> [Given information]
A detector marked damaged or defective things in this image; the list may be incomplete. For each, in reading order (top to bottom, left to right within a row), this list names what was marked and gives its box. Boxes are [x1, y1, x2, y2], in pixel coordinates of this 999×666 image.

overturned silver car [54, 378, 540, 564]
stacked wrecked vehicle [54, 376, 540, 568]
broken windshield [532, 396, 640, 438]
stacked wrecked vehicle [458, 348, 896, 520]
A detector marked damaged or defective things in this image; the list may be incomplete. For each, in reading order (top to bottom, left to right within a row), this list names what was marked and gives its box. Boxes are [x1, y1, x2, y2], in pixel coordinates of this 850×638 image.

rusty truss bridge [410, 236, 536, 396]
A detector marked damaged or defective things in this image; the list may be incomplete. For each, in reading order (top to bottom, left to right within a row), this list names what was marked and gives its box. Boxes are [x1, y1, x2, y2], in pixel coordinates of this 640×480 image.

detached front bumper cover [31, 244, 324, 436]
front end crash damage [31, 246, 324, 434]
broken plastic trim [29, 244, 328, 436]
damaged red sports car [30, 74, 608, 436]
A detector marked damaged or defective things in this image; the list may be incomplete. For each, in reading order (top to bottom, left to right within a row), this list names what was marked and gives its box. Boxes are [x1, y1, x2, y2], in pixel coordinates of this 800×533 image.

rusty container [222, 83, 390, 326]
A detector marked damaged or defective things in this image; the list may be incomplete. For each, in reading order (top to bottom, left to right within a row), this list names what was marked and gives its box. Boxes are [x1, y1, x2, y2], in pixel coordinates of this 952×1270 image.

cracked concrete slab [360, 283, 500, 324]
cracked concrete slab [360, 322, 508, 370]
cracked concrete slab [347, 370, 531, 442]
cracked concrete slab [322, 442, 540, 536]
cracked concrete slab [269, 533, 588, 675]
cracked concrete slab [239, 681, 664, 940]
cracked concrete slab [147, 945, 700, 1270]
* * *
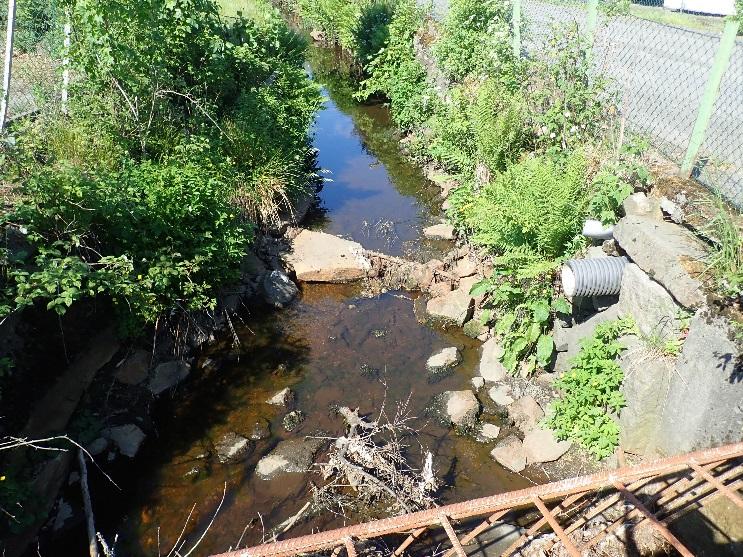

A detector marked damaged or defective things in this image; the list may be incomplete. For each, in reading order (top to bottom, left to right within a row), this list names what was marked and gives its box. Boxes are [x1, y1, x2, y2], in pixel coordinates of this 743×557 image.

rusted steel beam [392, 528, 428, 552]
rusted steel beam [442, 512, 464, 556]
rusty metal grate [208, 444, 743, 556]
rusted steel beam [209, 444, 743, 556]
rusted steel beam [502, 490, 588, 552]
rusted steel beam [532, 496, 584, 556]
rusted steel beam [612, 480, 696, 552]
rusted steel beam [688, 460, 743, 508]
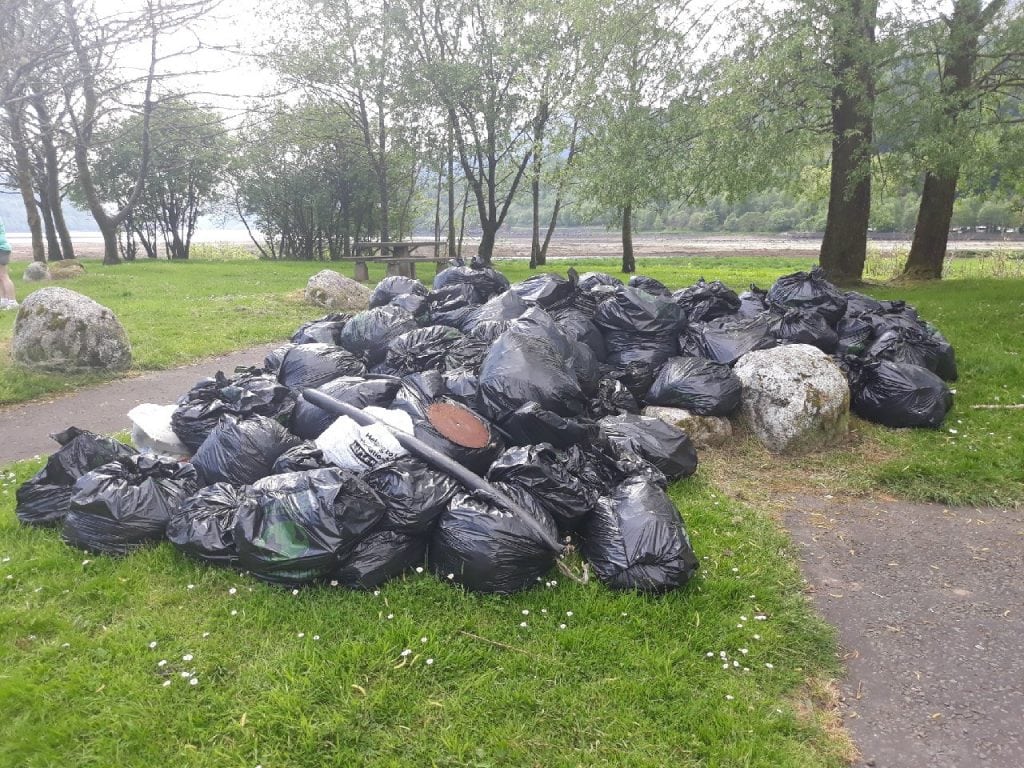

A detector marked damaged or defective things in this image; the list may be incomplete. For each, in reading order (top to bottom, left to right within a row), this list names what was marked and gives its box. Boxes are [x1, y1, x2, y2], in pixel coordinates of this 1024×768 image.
...
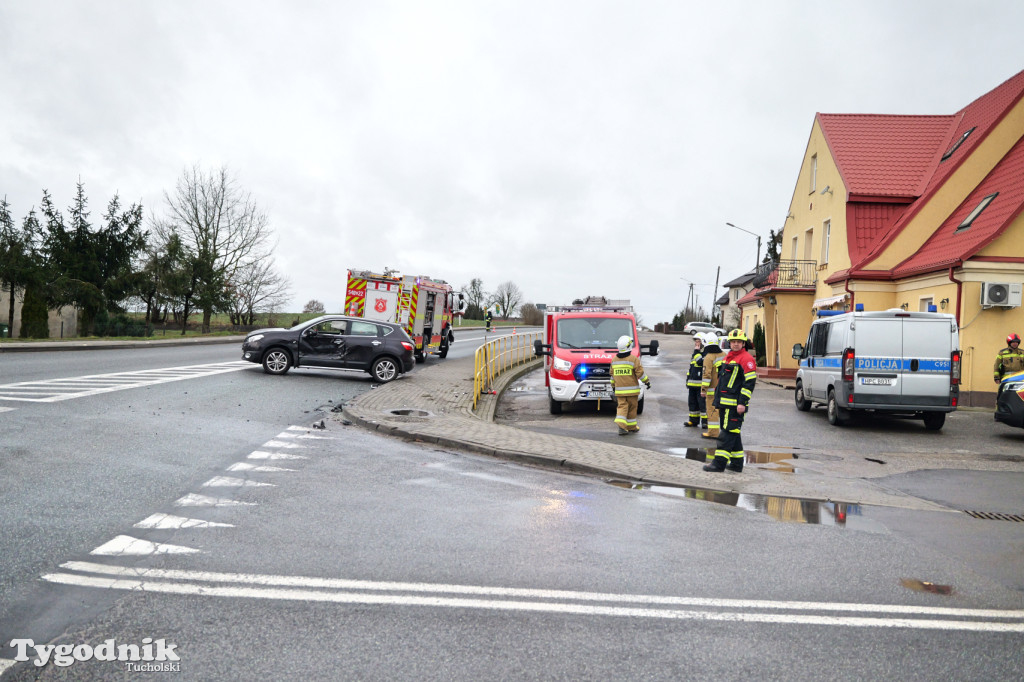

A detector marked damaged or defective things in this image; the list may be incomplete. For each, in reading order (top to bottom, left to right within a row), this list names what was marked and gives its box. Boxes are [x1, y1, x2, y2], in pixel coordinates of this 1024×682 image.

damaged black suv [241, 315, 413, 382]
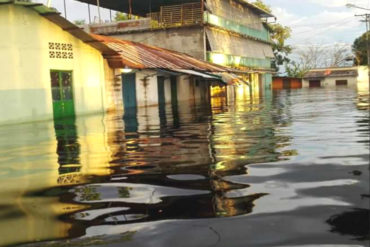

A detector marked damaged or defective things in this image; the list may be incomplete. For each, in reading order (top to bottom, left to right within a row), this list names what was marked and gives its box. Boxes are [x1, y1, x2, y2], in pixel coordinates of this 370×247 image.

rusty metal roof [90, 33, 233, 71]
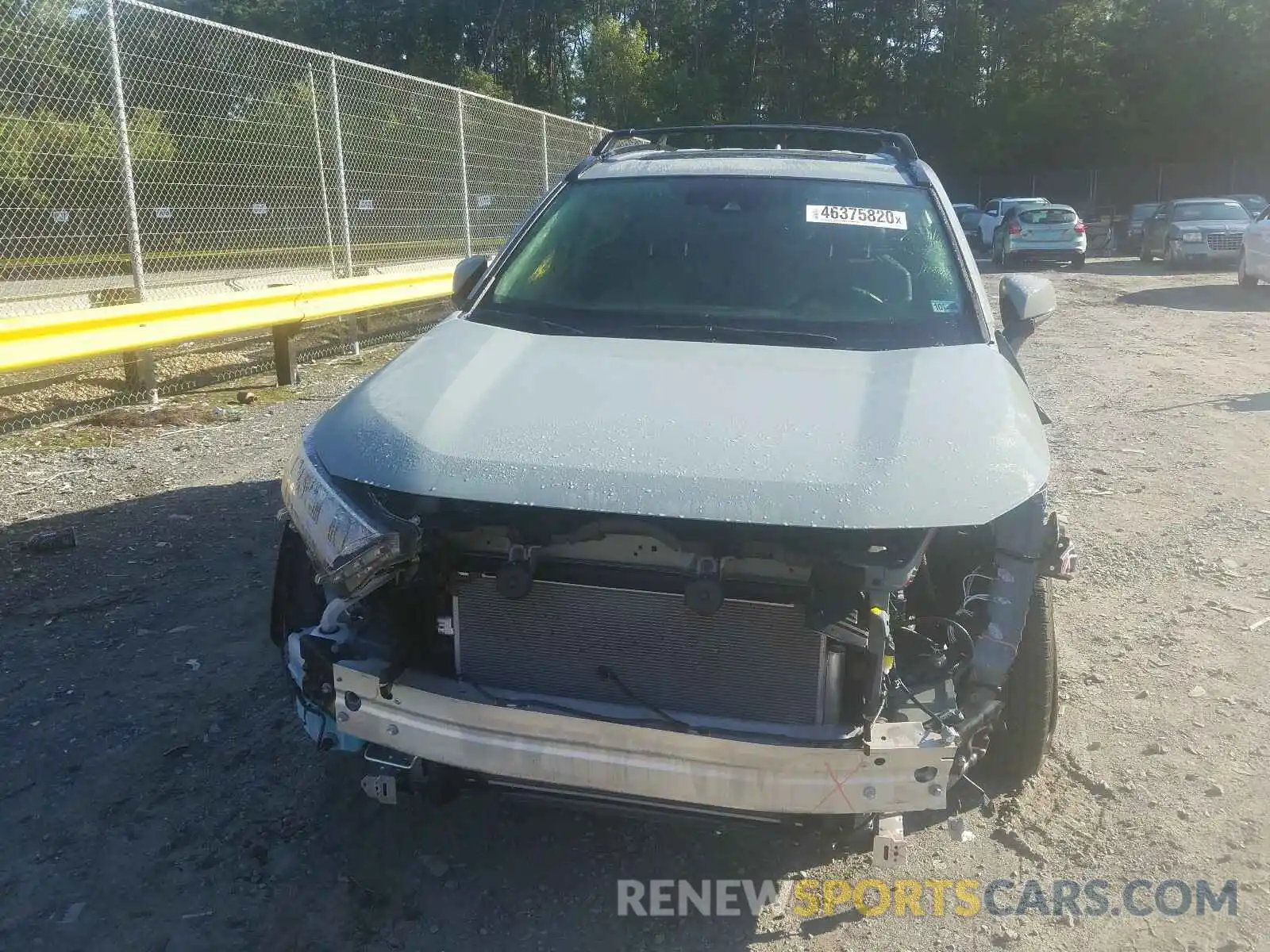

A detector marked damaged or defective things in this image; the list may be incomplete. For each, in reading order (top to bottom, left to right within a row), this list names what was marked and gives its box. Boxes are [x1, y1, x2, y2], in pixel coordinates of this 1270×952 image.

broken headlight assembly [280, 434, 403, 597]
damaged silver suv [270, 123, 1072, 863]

> [Assigned task]
Which part of the entries opens with the line containing "this 743×557 image." and closes with the line containing "this 1024×768 image."? Output that part exactly, ends included, pictures excluded.

> [Exercise result]
A detector marked damaged or defective things in this image; the list may be incomplete. For each, in reading order (top to bottom, left to right within a row), this list names what was marked and gives its box. Boxes are [x1, y1, x2, y2], in pixel coordinates of this 743×557 image.

rusted steel beam [392, 528, 428, 552]
rusted steel beam [442, 512, 464, 556]
rusty metal grate [208, 444, 743, 556]
rusted steel beam [209, 444, 743, 556]
rusted steel beam [502, 490, 588, 552]
rusted steel beam [532, 496, 584, 556]
rusted steel beam [612, 480, 696, 552]
rusted steel beam [688, 460, 743, 508]

A detector marked damaged or defective things in this image; the list may be incomplete. For each, in reading order (top to bottom, left to right within a row), this list names what was marked and gives its box. Boxes are [x1, y1, x2, y2], in pixel coordinates of this 1024×768 image.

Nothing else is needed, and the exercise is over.